Dataset content:

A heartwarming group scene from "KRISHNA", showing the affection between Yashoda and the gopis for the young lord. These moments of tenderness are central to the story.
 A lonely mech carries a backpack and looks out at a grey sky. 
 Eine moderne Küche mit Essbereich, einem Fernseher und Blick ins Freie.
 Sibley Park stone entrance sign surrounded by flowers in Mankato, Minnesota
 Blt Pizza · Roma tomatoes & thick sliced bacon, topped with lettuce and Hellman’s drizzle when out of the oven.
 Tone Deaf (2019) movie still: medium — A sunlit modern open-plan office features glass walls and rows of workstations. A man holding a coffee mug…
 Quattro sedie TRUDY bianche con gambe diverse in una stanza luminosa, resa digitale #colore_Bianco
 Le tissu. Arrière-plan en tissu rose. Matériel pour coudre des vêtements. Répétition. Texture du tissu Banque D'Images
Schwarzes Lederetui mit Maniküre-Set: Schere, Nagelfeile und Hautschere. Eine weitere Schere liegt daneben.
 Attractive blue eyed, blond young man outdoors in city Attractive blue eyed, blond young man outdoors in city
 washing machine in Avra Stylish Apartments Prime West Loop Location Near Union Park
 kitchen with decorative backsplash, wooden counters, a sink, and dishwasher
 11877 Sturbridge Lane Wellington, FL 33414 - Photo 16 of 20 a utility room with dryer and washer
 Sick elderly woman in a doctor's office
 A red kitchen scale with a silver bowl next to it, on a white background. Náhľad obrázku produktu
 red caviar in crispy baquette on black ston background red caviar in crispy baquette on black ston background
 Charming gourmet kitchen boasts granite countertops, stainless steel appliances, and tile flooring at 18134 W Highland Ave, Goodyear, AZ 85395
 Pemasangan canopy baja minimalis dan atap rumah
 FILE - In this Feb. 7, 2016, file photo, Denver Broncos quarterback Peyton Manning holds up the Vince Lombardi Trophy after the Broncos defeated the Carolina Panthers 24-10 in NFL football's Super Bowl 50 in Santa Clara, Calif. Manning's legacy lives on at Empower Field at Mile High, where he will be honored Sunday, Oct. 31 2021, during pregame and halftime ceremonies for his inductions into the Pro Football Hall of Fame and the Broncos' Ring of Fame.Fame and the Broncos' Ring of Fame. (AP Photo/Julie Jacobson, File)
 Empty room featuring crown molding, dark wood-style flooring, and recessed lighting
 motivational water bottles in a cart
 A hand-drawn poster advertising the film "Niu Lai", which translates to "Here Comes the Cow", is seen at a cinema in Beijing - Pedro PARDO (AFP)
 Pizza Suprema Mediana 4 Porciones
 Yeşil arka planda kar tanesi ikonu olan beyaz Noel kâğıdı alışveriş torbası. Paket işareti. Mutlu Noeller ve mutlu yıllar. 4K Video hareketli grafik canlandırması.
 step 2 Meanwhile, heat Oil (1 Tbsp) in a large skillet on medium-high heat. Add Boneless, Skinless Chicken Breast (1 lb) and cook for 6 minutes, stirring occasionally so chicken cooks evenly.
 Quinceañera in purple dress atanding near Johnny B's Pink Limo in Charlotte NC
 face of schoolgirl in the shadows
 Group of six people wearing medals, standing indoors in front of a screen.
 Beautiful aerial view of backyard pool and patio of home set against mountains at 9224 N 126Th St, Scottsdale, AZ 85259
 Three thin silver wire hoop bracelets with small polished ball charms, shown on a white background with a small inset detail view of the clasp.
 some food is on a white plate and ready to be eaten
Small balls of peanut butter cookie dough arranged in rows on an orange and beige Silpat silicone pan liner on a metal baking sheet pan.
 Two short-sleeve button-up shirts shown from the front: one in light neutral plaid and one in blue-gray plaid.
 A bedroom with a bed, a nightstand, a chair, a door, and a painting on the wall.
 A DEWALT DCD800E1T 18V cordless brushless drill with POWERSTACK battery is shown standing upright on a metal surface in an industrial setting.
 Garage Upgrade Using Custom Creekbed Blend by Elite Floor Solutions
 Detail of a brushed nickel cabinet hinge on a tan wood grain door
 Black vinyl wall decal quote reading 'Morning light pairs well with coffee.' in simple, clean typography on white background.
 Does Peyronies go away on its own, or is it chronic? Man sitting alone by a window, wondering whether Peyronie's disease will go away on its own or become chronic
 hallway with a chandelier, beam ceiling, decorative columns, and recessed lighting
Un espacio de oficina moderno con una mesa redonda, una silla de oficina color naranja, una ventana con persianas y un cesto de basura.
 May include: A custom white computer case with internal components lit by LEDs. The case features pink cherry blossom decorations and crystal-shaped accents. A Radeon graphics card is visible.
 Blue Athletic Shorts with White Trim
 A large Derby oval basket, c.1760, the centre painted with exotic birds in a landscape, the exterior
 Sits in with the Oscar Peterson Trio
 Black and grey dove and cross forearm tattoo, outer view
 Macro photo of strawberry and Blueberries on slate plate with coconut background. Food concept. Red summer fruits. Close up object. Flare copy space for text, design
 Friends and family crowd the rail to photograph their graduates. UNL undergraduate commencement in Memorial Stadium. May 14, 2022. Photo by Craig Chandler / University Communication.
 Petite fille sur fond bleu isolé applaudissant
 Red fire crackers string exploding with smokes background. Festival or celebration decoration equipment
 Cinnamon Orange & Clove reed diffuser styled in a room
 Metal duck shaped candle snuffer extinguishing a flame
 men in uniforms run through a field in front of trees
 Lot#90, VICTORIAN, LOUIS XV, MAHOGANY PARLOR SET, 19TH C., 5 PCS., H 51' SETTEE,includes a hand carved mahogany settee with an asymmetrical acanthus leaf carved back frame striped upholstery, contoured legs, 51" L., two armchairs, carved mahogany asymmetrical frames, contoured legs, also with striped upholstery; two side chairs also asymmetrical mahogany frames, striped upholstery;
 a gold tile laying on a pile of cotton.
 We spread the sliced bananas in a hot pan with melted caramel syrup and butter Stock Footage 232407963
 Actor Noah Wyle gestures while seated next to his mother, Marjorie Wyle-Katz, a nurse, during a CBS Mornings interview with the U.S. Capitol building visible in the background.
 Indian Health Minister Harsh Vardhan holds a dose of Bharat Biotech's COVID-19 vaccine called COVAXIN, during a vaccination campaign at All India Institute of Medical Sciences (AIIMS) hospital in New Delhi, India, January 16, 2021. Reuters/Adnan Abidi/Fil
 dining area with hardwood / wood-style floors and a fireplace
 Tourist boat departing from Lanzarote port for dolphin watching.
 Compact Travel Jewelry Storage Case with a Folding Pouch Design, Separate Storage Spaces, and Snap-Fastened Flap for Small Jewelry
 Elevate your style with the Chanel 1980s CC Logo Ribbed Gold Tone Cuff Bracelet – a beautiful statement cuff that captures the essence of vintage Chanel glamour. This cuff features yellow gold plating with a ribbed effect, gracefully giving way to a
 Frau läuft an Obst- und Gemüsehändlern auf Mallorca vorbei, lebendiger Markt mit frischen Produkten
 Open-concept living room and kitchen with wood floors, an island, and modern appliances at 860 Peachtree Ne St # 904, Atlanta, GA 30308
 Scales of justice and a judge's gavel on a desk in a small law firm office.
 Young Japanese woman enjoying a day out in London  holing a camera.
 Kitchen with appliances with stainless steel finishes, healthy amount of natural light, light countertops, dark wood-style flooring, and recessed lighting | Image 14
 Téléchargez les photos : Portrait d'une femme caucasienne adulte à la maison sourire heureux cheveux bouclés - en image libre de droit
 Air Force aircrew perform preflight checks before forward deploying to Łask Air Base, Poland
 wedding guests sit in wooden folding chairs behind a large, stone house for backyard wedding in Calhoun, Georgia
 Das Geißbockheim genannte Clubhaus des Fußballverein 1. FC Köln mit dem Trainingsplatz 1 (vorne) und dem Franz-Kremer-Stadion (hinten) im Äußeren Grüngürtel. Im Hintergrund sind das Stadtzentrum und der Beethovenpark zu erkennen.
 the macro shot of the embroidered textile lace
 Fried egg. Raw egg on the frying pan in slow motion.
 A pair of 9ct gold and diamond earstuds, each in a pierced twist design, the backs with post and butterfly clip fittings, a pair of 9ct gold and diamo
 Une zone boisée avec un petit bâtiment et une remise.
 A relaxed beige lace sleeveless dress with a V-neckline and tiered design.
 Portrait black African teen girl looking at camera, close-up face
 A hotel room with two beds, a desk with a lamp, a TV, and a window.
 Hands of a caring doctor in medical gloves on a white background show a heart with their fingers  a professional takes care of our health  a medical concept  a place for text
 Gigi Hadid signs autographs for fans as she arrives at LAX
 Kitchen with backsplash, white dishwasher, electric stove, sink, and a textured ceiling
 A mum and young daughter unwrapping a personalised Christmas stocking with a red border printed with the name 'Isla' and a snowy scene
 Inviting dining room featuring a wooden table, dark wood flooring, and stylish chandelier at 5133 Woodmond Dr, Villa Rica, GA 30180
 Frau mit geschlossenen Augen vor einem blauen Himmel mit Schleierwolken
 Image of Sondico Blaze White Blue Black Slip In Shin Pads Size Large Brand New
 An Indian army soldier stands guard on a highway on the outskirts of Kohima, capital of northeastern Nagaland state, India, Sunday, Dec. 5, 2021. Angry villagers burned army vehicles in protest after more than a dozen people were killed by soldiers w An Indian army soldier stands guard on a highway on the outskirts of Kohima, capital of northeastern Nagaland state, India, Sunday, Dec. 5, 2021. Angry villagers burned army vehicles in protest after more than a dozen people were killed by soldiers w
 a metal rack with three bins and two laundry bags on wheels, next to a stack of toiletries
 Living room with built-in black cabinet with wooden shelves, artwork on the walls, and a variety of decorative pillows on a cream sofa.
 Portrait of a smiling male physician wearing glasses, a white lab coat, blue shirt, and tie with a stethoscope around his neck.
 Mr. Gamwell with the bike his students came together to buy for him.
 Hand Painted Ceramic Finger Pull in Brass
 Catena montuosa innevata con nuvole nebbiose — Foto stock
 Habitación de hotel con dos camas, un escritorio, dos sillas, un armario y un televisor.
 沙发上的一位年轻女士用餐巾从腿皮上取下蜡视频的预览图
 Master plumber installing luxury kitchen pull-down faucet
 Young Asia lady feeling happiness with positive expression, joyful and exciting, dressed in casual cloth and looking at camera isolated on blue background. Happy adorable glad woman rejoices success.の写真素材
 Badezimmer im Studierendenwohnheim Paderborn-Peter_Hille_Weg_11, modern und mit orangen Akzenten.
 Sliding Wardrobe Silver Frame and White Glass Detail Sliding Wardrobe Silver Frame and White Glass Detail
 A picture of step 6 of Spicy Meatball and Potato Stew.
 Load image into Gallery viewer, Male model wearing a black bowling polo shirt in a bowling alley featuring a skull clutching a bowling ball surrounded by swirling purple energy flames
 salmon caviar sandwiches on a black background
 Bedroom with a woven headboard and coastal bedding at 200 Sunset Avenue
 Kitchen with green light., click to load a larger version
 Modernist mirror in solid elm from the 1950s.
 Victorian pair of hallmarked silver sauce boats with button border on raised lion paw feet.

Exercise goal: Repeat, exactly and only, the lines from the beginning of the material through the line that contains "Sibley Park stone".

Solution to the problem:
A heartwarming group scene from "KRISHNA", showing the affection between Yashoda and the gopis for the young lord. These moments of tenderness are central to the story.
 A lonely mech carries a backpack and looks out at a grey sky. 
 Eine moderne Küche mit Essbereich, einem Fernseher und Blick ins Freie.
 Sibley Park stone entrance sign surrounded by flowers in Mankato, Minnesota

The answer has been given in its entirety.